Wednesday, March 24, 2010

Head Count

Why damn liberals like Gary Locke want your info

Natalie Johnson
[Photo: Young Kwak]
[Photo: Young Kwak]
[Photo: Young Kwak]

The envelope lands in your mailbox, demanding to know who’s living in your home. While you’re grumbling at yet another government intrusion into your domestic tranquility, consider this: Spokane needs you and your numbers to hold off a challenge from those pesky upstarts in Tacoma.

This may be the year that Spokane loses its coveted status as the second-largest city in Washington to its west-side rival, Tacoma.

Though an official census hasn’t been conducted since 2000, when Spokane had about 2,000 more residents than Tacoma, the U.S. Census Bureau estimated in 2006 that Spokane was only ahead by about 1,600, with 198,100 residents compared to Tacoma’s 196,500. The Washington State Office of Financial Management paints a slightly more positive outlook for Spokane, estimating that in 2009 it retained its 2,000-person lead over Tacoma’s population of 203,400.

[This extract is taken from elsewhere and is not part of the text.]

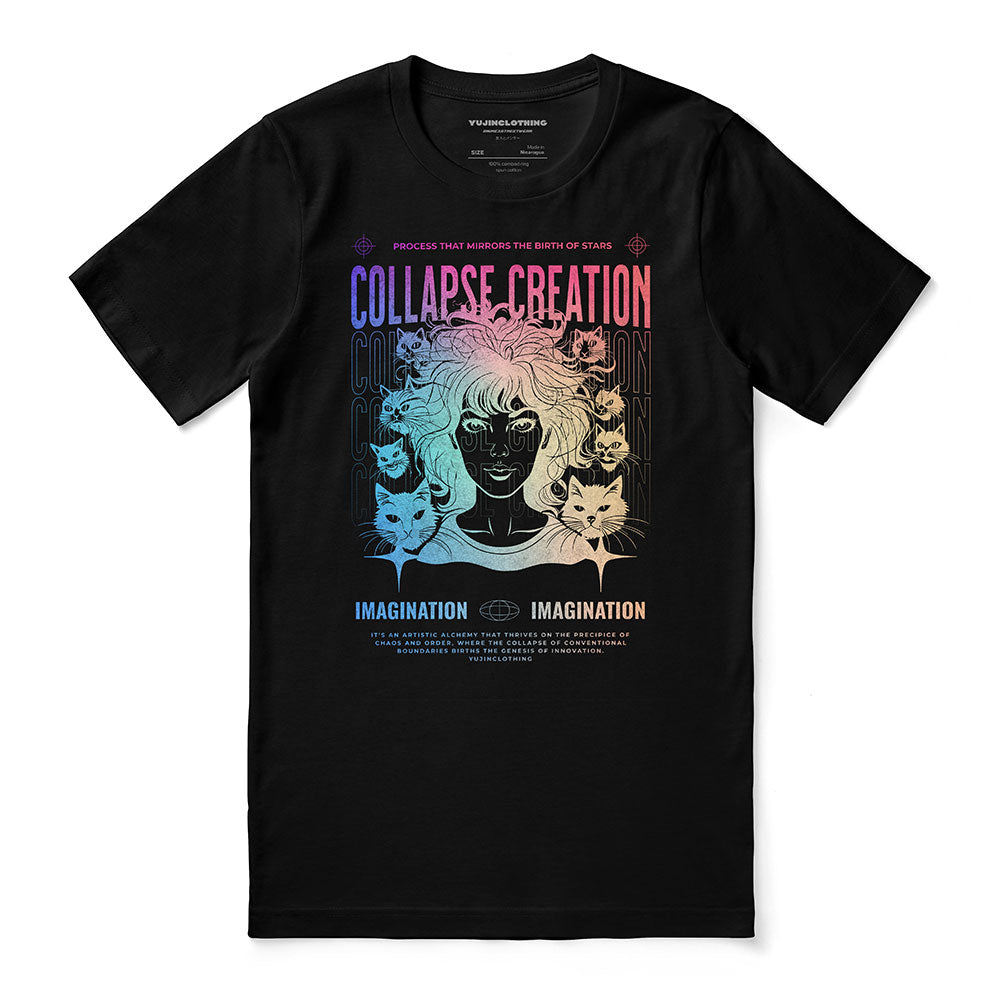 Collapse Creation Cat T-Shirt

Yi Zhao, the OFM’s senior forecast coordinator, says the census could certainly find Tacoma to have crept up on Spokane in the last decade, especially if the west-side city recently annexed land. However, she says, both cities have grown at a steady pace and Spokane still has about 8,000 more residential units than Tacoma.

“I don’t think this year will be the year that happens,” she says. “But you never know.”

While Spokane is at risk of losing its second-place status, it may move up in different ranks.

Once the census is tallied in 2013, the federal government may combine Spokane and Kootenai counties into a joined region it calls a Combined Metropolitan Statistical Area (CMSA), making it the 85th-largest metropolitan statistical area (MSA) in the country.

Dale Strom, a city planner in Spokane’s Community Development Department, says the move would almost certainly bring more business to the area because many companies only consider locating in the top 100 MSAs in the nation. Each county would retain its separate MSA as well. Spokane is currently the 106th-largest MSA, while Coeur d’Alene ranks 277th.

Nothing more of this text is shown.